Few things define baseball’s difficulties like the year-to-year swoons players have or what is considered success. If you fail seven out of 10 times for 12 years, that may be enough for the Hall of Fame. Nowhere else is such a low rate of accomplishment acceptable at work, let alone lauded.
Which is why players bounce back from one year to the next, flop after a big season or emerge from the weeds.
So, who of the defending World Series champions could fall into each category? Let’s look:
Bounceback candidate: Adam Eaton.
Recent memories of Adam Eaton may make him seem an odd choice here. He hit .320 in the World Series, including two home runs. His .993 OPS was better than Anthony Rendon’s against Houston in the postseason’s final series.
But, prior, Eaton went through another solid-to-average regular season. His 101 OPS-plus suggests he was right on the border of being an average major leaguer on offense. It was also the lowest of any full season of his career.

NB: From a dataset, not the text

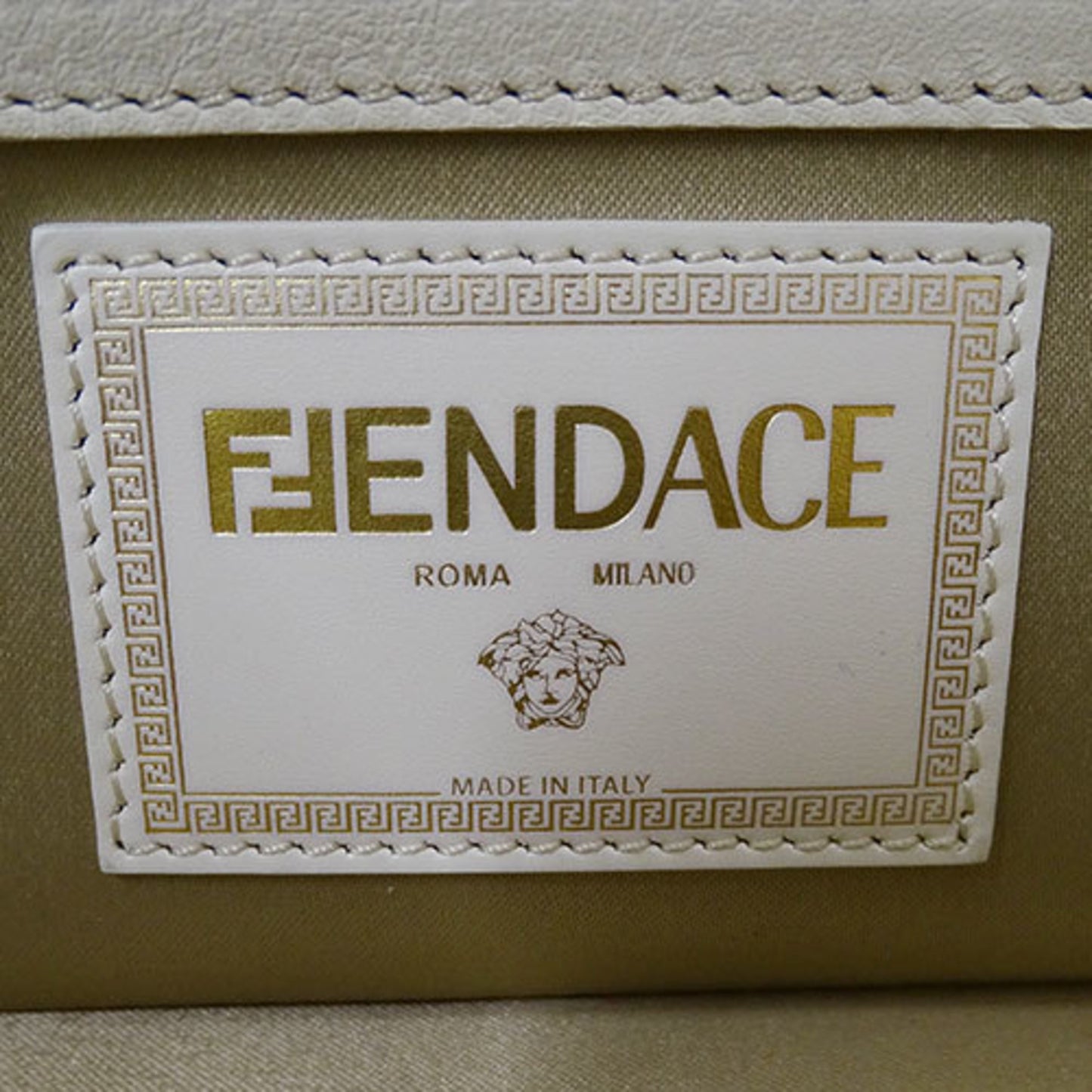 Fendi Baguette Gold Synthetic Hand Bag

His defense was worse. Eaton misplayed or misread several fly balls last season on the way to a third consecutive season with a negative defensive WAR. He noticed.
“I stunk last year defensively, still coming with my leg,” Eaton said in spring training.
“I feel so much better,” Eaton said. “Even just bouncing around the outfield. I was still on one leg quite a bit last year. I think once July hit, that’s really when I kind of hit my stride with the leg -- August -- where I could really have my legs underneath me, I was really able to play full tilt. Early on, I was fielding ground balls on one leg. Peg-legging it.”
Eaton is 31 years old. One team option remains on his contract. If his defense comes back -- likely -- and his offense takes a modest boost, he could move back to 4-WAR territory and help close the gap produced by Rendon’s departure.
Regression candidate: Daniel Hudson.
Hudson went through an October like no other. He became a crucial part of the Nationals’ bullpen, a father for the third time and a national storyline.
Hudson’s 1.44 ERA and 322 ERA-plus with the Nationals were both significantly better than his career numbers of 3.83 and 109, respectively. Even his combined numbers from Toronto and Washington (2.47, 186) were well-beyond his career marks.
What helps Hudson this year? Sharing time with Will Harris, Sean Doolittle and even Tanner Rainey should lighten his workload. It could make his spots to pitch more pinpoint and advantageous.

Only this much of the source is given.